Data provided:
++++++++++++++++++++

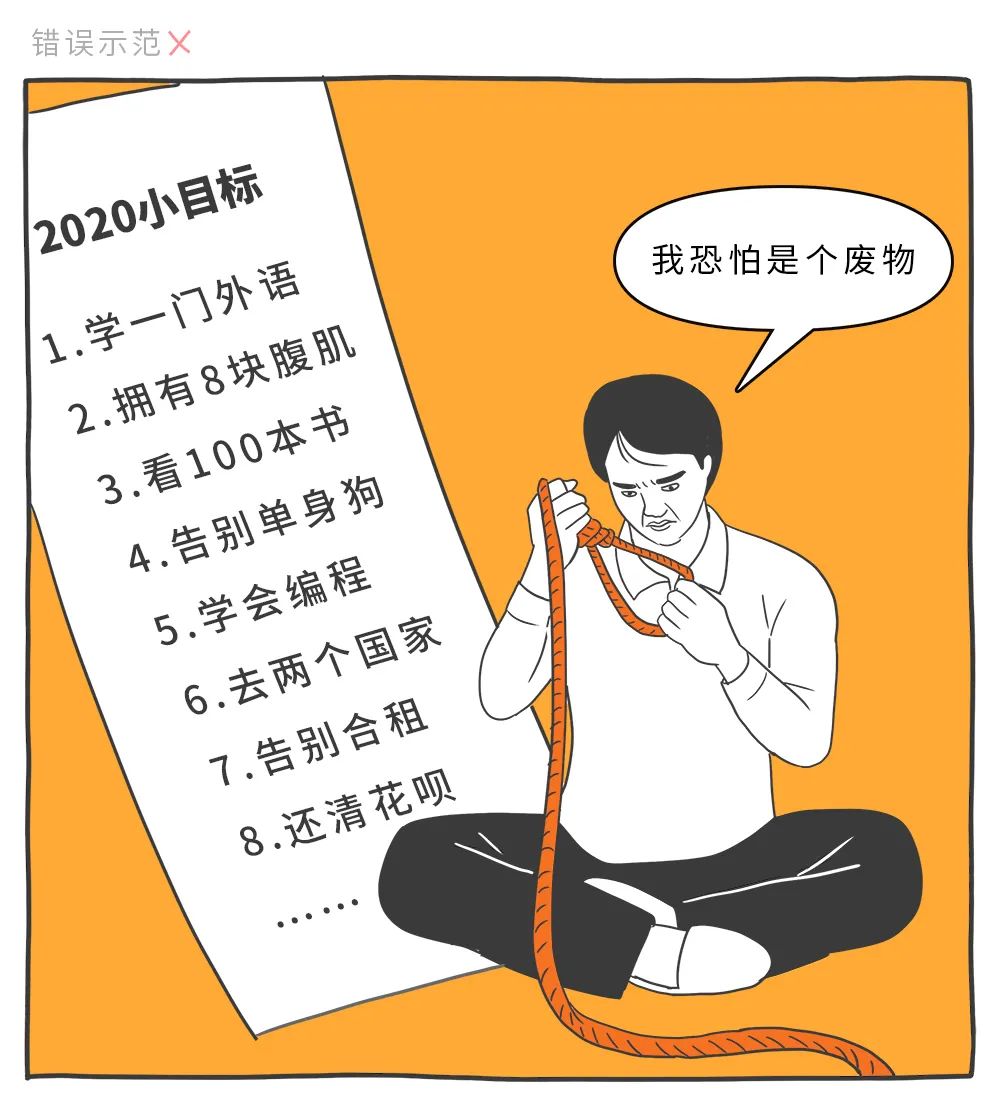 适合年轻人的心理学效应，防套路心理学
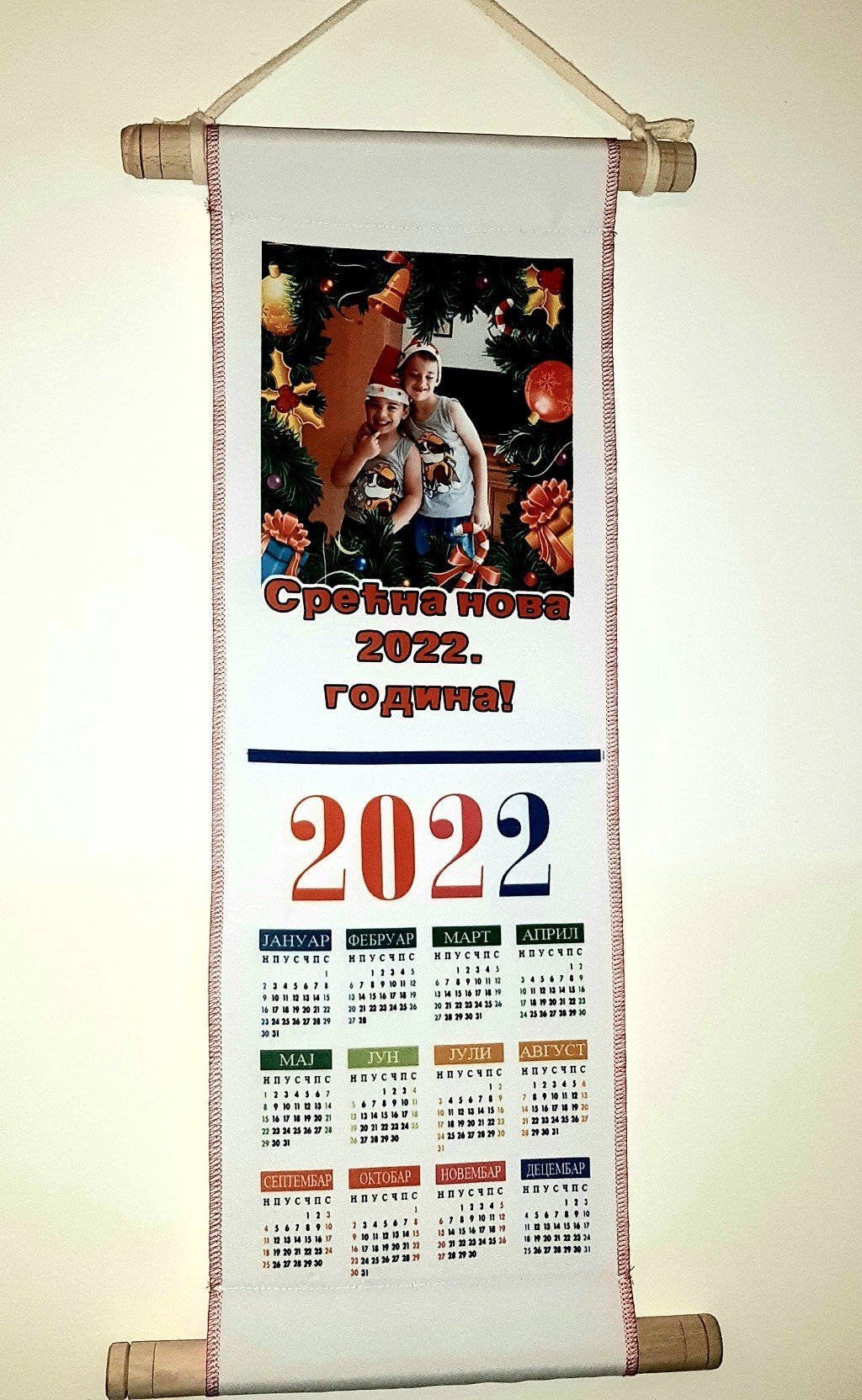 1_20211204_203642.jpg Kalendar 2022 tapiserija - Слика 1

++++++++++++++++++++

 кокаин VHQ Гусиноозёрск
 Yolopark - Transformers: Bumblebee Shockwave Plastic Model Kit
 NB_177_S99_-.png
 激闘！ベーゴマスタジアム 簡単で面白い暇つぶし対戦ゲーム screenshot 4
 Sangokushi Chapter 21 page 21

++++++++++++++++++++

Exercise objective:
Write back word for word every line in the entries above from the one with "适合年轻人的心理学效应，防套路心理学" to the one with "1_20211204_203642.jpg Kalendar 2022", ends included, and none of the pictures.

Response to the task:
 适合年轻人的心理学效应，防套路心理学
 1_20211204_203642.jpg Kalendar 2022 tapiserija - Слика 1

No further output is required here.